Comienza ahora a insinuarse un giro desde el antisistema que produjo ese daño social hacia un reclamo de moderación que se explica en que esas distorsiones aumentaron la desigualdad, precarizaron el sistema y agudizaron la sobrevivencia. El centro político es necesariamente conservador por esas circunstancias que además son las que explican su crecimiento.
Las recientes elecciones presidenciales en Brasil fueron también dominadas por los sectores medios aferrados a reclamos similares en un país muy dividido. Elevaron con limitaciones al ex presidente Luis Inácio Lula da Silva al gobierno, pero instalándole una dura oposición con la que estará obligado a negociar.
Exhibieron ahí también un rechazo al fundamentalismo populista del saliente presidente Jair Bolsonaro que imitó en todo sentido las acrobacias polarizantes de Trump.
Otro capítulo ilustrativo de las mutaciones en la etapa lo ofrece la Italia actual.
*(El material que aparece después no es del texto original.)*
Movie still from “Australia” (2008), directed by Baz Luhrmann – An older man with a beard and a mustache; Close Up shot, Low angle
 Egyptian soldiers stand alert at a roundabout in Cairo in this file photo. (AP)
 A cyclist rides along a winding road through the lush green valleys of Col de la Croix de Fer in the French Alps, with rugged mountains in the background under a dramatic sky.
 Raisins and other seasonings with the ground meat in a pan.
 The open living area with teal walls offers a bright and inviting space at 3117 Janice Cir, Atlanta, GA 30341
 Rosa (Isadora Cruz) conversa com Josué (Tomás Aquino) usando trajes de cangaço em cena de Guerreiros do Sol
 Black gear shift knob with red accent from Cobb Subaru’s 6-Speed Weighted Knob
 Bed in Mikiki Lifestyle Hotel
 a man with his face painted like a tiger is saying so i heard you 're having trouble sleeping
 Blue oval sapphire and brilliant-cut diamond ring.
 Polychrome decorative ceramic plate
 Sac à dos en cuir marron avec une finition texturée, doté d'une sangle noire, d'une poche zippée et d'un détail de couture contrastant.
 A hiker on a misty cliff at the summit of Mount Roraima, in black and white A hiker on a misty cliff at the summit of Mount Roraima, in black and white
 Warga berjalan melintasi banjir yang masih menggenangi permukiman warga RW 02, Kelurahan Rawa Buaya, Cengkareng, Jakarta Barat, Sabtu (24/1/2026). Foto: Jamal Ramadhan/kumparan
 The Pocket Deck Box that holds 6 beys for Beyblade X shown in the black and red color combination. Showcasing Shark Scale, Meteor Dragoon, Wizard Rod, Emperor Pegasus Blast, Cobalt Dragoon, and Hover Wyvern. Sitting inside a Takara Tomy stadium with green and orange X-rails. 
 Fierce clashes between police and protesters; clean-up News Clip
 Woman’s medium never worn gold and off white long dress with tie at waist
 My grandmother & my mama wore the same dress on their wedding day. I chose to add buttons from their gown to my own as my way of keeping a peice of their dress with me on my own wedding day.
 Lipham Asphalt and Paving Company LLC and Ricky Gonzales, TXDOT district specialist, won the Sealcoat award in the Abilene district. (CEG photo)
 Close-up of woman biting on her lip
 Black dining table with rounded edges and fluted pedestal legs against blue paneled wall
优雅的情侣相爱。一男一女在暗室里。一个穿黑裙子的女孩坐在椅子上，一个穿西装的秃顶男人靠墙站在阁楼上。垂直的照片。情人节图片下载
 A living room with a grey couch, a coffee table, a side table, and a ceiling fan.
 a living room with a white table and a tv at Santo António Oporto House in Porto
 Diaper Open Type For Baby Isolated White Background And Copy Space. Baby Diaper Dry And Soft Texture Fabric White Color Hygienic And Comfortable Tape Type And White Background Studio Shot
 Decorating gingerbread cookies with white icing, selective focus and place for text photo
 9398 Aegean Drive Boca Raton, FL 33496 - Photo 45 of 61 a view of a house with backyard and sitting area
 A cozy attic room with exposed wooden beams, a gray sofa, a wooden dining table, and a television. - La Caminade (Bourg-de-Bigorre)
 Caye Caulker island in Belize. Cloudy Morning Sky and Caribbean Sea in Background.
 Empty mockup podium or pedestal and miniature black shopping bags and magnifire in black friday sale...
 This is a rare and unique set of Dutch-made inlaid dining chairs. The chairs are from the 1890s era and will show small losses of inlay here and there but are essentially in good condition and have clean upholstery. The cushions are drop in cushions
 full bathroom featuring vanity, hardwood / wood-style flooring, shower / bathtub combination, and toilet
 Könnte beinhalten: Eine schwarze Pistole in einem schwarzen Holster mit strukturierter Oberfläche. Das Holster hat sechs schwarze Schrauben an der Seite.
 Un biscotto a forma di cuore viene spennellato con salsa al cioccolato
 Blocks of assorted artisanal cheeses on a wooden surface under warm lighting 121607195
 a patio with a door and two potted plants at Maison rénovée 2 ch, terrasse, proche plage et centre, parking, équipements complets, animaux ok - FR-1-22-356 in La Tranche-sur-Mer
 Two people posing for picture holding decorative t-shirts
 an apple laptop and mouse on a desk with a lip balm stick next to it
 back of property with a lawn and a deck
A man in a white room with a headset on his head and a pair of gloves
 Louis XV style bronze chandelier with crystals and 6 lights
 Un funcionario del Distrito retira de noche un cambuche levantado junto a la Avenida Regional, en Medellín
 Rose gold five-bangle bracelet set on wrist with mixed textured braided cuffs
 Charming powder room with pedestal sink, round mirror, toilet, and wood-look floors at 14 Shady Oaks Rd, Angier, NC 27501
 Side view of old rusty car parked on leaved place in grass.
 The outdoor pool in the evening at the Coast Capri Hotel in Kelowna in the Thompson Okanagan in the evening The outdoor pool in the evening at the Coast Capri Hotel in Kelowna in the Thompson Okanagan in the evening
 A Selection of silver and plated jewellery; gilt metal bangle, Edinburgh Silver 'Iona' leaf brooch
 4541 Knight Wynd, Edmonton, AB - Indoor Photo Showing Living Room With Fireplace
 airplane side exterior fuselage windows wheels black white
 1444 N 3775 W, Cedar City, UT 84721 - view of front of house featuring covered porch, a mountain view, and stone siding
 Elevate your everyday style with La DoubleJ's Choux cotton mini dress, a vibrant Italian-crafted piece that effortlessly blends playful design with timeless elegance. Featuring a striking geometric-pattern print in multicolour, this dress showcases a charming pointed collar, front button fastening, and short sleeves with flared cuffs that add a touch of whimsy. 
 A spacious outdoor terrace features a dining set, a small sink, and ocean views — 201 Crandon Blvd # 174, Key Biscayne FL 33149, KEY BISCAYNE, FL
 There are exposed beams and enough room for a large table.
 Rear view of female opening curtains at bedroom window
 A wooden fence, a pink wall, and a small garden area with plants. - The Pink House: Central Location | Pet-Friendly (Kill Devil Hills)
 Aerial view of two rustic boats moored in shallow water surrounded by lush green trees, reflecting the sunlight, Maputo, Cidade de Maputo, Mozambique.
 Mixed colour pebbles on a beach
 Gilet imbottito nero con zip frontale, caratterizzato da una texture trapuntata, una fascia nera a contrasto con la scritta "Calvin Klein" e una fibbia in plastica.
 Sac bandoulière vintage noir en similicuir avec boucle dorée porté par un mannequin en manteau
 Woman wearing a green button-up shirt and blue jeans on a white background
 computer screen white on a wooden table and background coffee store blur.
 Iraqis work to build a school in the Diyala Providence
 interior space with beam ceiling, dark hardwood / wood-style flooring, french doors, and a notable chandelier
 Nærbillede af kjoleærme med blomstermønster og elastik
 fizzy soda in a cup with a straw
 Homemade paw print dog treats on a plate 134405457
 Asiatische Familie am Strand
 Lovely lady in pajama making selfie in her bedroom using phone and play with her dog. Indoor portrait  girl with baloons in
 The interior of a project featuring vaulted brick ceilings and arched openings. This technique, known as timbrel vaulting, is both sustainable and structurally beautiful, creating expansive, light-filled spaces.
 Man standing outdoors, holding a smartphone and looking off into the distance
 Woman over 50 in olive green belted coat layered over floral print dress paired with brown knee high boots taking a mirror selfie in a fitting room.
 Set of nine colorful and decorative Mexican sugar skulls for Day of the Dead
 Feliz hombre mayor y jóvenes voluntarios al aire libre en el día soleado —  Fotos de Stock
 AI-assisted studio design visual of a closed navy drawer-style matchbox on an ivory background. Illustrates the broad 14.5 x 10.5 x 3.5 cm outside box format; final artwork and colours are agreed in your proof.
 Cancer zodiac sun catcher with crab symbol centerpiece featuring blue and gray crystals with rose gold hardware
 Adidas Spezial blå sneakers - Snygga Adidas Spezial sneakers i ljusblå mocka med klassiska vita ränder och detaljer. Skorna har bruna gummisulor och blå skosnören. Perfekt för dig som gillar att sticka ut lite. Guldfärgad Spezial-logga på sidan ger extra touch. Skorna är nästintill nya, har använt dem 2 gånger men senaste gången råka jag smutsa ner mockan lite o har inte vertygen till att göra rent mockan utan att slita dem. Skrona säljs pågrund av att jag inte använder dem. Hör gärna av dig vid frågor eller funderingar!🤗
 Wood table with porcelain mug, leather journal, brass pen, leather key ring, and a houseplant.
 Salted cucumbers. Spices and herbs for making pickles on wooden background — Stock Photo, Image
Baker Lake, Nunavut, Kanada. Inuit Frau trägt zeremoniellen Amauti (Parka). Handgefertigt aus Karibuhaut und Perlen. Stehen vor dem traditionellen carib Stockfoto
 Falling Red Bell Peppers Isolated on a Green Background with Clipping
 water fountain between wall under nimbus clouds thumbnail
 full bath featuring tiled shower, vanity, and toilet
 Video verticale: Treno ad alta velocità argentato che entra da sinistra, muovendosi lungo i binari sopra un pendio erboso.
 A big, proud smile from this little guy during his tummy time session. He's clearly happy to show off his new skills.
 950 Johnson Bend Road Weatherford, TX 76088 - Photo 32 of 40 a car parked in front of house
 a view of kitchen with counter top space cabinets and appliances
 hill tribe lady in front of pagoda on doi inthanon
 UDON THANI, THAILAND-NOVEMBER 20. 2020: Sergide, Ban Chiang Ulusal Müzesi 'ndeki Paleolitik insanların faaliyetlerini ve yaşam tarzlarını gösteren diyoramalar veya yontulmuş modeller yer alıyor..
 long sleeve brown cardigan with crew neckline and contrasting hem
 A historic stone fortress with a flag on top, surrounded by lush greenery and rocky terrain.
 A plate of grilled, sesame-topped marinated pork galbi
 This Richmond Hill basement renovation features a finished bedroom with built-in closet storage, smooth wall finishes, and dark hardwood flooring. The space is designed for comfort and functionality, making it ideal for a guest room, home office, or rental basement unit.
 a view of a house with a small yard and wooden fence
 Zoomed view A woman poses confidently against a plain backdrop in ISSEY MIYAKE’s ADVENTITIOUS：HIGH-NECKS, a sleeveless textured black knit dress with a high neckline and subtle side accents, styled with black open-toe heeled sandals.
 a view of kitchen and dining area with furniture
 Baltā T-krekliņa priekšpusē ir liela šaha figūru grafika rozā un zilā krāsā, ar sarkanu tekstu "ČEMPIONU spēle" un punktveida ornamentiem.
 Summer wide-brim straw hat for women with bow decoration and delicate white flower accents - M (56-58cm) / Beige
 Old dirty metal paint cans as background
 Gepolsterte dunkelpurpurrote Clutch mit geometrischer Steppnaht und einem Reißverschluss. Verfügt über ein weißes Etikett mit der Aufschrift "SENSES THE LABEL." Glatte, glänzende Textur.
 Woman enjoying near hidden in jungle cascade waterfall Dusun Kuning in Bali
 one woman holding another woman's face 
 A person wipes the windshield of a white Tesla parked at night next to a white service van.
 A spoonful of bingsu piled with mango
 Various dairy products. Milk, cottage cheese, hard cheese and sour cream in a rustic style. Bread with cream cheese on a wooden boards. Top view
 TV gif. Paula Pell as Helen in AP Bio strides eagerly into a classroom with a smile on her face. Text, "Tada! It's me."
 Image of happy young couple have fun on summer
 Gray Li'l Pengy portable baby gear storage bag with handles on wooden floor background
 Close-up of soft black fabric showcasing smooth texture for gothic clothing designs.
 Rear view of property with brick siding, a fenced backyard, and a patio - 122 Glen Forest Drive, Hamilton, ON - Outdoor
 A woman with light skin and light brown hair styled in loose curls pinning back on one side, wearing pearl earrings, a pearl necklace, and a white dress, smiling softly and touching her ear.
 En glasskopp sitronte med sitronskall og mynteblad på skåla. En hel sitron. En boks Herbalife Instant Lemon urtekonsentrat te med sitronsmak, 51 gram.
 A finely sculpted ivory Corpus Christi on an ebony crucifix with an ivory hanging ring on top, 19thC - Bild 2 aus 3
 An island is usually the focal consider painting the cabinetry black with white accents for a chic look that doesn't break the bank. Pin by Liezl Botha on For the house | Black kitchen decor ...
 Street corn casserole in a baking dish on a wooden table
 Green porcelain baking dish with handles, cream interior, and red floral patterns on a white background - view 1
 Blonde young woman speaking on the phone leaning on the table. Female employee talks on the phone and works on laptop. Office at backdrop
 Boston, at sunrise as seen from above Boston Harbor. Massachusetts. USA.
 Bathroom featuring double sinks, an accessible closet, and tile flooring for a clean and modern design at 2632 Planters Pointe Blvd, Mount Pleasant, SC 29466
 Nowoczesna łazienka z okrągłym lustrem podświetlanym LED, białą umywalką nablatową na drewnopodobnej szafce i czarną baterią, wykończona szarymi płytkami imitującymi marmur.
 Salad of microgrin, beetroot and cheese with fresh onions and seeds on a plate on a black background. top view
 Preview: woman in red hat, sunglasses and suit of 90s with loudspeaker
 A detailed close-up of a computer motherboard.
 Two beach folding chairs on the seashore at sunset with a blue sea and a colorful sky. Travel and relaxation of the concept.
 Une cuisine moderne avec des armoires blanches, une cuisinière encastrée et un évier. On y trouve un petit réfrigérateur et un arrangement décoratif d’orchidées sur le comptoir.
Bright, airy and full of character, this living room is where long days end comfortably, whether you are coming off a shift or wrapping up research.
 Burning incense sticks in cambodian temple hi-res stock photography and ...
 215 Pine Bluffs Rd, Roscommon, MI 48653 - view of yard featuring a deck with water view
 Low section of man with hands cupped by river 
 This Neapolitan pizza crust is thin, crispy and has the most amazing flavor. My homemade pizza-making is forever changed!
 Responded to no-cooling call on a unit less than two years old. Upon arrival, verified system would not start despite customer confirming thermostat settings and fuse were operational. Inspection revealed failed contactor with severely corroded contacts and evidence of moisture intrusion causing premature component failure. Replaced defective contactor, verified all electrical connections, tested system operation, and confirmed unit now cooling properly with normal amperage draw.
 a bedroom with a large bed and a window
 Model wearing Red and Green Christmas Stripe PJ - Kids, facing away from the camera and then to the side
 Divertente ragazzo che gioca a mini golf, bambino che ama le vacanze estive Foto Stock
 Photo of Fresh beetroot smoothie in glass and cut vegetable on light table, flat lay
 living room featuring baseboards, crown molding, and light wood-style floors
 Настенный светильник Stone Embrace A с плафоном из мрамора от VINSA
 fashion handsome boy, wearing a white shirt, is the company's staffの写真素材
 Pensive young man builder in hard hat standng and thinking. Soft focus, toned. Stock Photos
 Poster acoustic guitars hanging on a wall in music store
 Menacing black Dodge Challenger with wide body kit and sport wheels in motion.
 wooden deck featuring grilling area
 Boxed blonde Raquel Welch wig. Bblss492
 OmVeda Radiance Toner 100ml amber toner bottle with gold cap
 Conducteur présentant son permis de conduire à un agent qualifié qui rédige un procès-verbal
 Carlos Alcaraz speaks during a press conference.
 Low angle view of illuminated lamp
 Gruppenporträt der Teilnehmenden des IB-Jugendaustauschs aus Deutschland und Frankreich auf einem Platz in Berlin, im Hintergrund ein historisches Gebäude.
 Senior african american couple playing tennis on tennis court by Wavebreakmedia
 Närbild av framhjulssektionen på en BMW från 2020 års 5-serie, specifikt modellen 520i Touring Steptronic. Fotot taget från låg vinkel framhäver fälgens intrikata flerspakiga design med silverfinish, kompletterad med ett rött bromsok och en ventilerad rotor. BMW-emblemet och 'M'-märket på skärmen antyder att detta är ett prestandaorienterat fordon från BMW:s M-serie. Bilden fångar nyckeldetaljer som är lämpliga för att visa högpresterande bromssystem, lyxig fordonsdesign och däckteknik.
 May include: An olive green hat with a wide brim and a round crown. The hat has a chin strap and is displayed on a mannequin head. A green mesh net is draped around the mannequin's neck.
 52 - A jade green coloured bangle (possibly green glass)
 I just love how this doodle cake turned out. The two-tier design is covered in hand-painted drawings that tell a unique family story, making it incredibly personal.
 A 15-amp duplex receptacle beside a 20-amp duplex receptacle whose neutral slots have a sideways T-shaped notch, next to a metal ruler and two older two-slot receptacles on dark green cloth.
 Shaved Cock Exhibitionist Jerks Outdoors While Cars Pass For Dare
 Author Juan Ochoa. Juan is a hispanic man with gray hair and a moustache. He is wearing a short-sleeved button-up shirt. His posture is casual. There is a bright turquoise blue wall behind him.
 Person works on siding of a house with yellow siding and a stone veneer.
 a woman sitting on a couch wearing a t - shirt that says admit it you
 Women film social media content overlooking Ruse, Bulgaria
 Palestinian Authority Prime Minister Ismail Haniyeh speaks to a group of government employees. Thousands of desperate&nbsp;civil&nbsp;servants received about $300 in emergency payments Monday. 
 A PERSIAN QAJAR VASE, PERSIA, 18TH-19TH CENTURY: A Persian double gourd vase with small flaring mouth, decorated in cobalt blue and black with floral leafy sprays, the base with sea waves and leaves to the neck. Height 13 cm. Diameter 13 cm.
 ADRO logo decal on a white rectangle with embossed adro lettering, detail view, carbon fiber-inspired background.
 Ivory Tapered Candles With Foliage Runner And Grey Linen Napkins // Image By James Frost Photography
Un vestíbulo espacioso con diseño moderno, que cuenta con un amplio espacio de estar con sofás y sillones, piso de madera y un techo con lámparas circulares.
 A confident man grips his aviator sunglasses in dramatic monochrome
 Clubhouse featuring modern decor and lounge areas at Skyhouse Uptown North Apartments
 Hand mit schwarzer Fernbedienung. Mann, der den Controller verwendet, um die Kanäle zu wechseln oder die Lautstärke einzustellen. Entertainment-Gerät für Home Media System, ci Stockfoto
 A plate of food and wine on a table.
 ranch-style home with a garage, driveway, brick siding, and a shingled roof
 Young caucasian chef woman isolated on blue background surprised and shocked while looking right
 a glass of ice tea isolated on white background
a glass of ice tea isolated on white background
La primera ministra Georgia Meloni, una posfascista, en el pasado admiradora de Mussolini y de Vladimir Putin, ha huido de esos vértices a un punto también de notoria prudencia política.
Lo ha hecho sosteniendo los valores de la potencia italiana en la construcción de la Unión Europea, en la importancia de la presencia de Roma en la OTAN y en el repudio al descalabro anárquico de Rusia en su guerra contra Ucrania. Es posible suponer que ese movimiento centrista se alimenta del ejemplo del extraordinario fracaso del experimento nacionalista del Brexit que enredó a Gran Bretaña en su peor crisis en medio siglo.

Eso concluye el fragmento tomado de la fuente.